Just before we finished training, the NCO turned round and said “Give us your helmet. I need a shit.” And I went, “scuse me?” He squats down and has a shit in it, and then he says, “Put that back on.” …I ran off…the Platoon Sergeant (said) “Oh, come on, dry your eyes. Let’s go back.” So yes, you know, that was the mentality of training…pretty brutal.

I saw some violence inflicted on each other, you know what I mean? Because they would just go for each other like rabid dogs, because you were trained to do that. And like I say, if you couldn’t fight you probably got a kicking.

 

On visiting Northampton Morgue (Army duty)

They sent me, Phil Gill and Chuggy down to Northampton morgue. We went into the scene of crimes and all we’re looking at is fucking boxes and boxes of murders, what had happened in Northamptonshire.

So you open a box and there’s a fucking hammer there, and then a load of photographs of some woman’s head caved in, and then you open the next box and it’s a rope, you know, a ligature of rope where some woman had committed suicide. You know, you’d go, “Fuck me twats, what’s in this one?” And we’re all giggling there, and then he says, “Right you can go to the morgue”…you walked up across the road and you were at – I think it was Northampton General Hospital.

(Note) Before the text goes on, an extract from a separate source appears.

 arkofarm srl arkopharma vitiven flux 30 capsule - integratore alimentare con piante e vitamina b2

We said, “look, we’re the army NCOs. We’ve been sent down.” I remember there was a bit of wit sent, because when we walked in the bloke was having his dinner. And I just thought, “Fuck me, how can you have your dinner when you’re working with dead bodies?”
I walked through, and the first thing that hit me was the smell…you just want to fucking vomit. And I looked and there were about eight fucking bodies on gurneys. There was a stack of bodies, and I’m thinking, “My fucking god, what the fuck have I let myself in for here?”

The fucking smell…if I had to identify it I would say it’s a mixture of meats, bodily fluids, you know, blood smells quite like iron, meat, dead rotted meat…you walked in, and the mortician was just hacking away at some fucking body – and he said, “Come over. Don’t be fucking frightened.” And he’s got a drill bit, and it’s got a fucking spinning blade at the front, and he’s literally cutting through some fucker’s head. And you’re fascinated but horrified at the same time.

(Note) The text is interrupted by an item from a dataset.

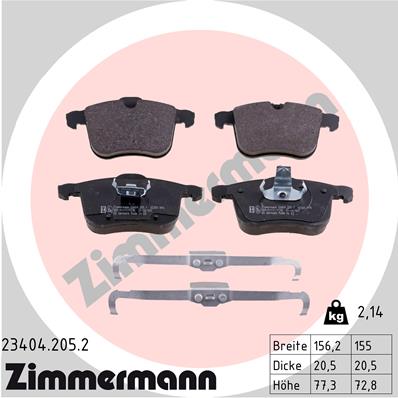 ZIMMERMANN ZIM23404.205.2 fékbetét készlet, tárcsafék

All I wanted to do was run.

On deployment to Saudi Arabia

In Saudi, we drove down to Al Jubail docks. We were (in) camp four, which had two big refrigeration sheds and we allocated one of them for all the dead bodies. So we were looking at 200 dead bodies a day. There (were) only fucking 30-odd of us there.

My first body was a young officer…there had been a road traffic accident (and) his tank had rolled. Our job was to go out there and find the dead body. So we patrol or un-dig, get the soil off him, put the bin bag on a stretcher, patrol back, get him to the collection point, open this bin bag and throw up, because it’s just meat in there, and the meat’s been in there for about a week.

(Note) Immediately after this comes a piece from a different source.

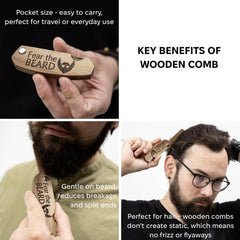 Uso multitarea: peine para barba y bigote de Enjoy The Wood, diseño compacto.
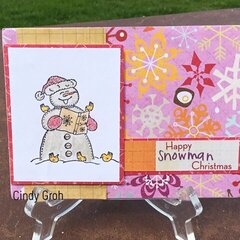 Deep Red Stamps Caroling Snowman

So the trauma is fucking impacting now.

We had absolutely fuck all. We didn’t even have any body bags, you know what I mean?
By then I had no morals, I just had nothing to give to anyone. I was probably just running on gas, to be honest. The tank was empty for me, mentally and physically.

On Post Traumatic Stress Disorder

I knew I had problems at the end of Kuwait. I reported (them) to my doctor and said, “I’ve got some strange emotions what I can’t understand.” I was crying all the time, but you know, when you cry, you cry for a reason. What I would now recognise as PTSD, we were showing all of the symptoms but not being told we had PTSD.

Next, I was stationed in Northern Ireland, but had a breakdown about four months into it…I just drank my way through it anyway. They sent me to the army psychiatric ward…you had to lie to fucking get out of there, you know…and (I) just carried on with my army career.

All 32 of us came down with PTSD, even from the officer all the way down. I saw blokes sat in boiling hot showers that would fucking burn the skin off you, stood there crying because of the job we were doing.

(If) I’ve got a problem, I solve it. It fucked me up. So fucking what? I have to get on with my life. I’m not going to cry into my pint. I knew what I was doing.